そんな時代に訪れたアメリカは壮大で、のちに漠然と「アメリカへ行きたい」と思わせるほど強い印象を私に与えました。
そして、中学、高校、大学と進学していく中、世界はグローバルに動き始めているのに、このまま日本で普通の会社に就職して普通に働き続けるのが自分の人生なのかと疑問に思うように。
そうして、習い続けたフィギュアスケートを生かして、アメリカのアイスショーを手がける会社に就職することを決めたのです。
アメリカで働くための就職活動
海外で働くにあたって重要なポイントは「ビザを入手すること」です。これが確実にクリアできなければ、場合によっては渡航できなくなるリスクを伴います。
アメリカで働くことを目的としているならば、どこかの企業に就職してビザを取得する必要があります。
私の場合は特定のアメリカの会社を希望していたため、その会社のウェブサイトから採用情報を検索し、記載されていたメールアドレスへ英語の履歴書とPRビデオを送りました。

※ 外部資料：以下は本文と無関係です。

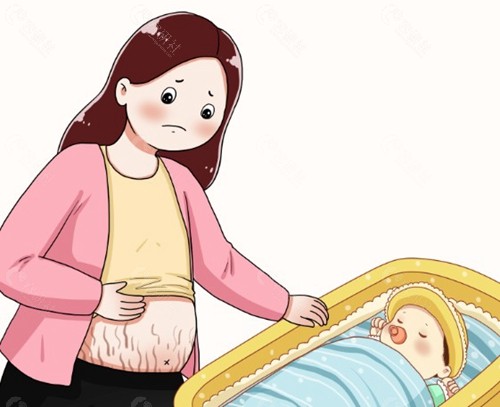 激光去妊娠纹做几次才有效？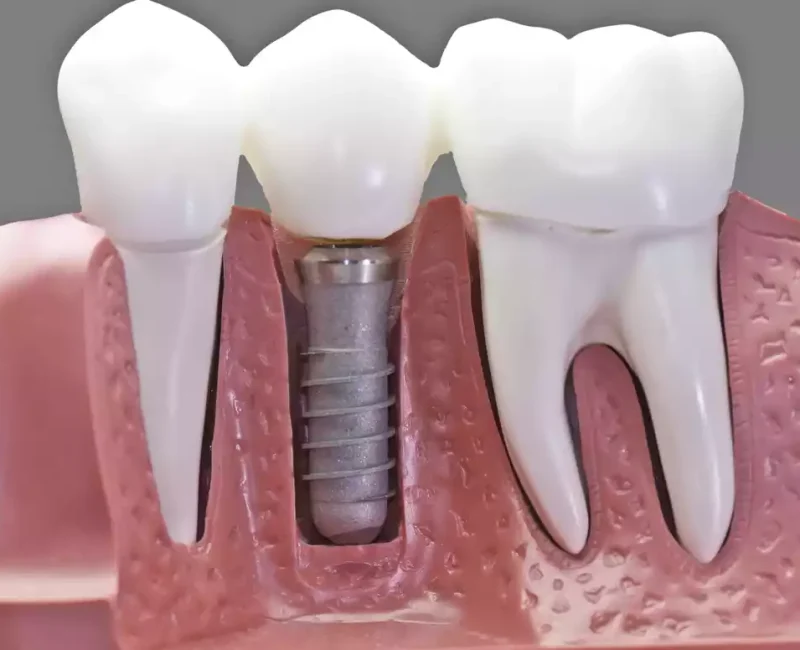 dental implants (4)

会社によって必要な書類が異なるので、きちんと確認することが必要です。
履歴書は簡潔かつ魅力的に
英語の履歴書は日本のそれとは書き方が違い、名前、生年月日、住所と電話番号、簡潔な志望動機と学歴や経歴を記載するだけでOKです。
良い英語版履歴書のポイントは「いかに簡潔に、心をつかむ表現で書かれているか」です。言葉を巧みに使って読む側を引きつける必要があります。
私はPRビデオによって特技をアピールすることができましたが、それでも英語が全くできなかったため、インターネットをフル活用して履歴書を完成させました。自分を売り込むツールなので少々大げさに書いた方が良いですよ!
応募後は進行に注意
希望する会社に履歴書等を送ると、おそらく数日で返信がきます。それは合否を伝えるものではなく、履歴書を受け取ったので選考後に連絡する、などの確認メールです。
その後に「全く返事がこなくなった」というのはよくある話ですが、節度を守って再度メールを送り、進行状況を確認しましょう。
就活の仕方は状況により様々
一口にアメリカ就職と言っても、そのための方法は様々です。大学生や大卒の方であればインターンシップを利用することができます。また、海外を視野に入れている日本の会社に就職するという手もあります。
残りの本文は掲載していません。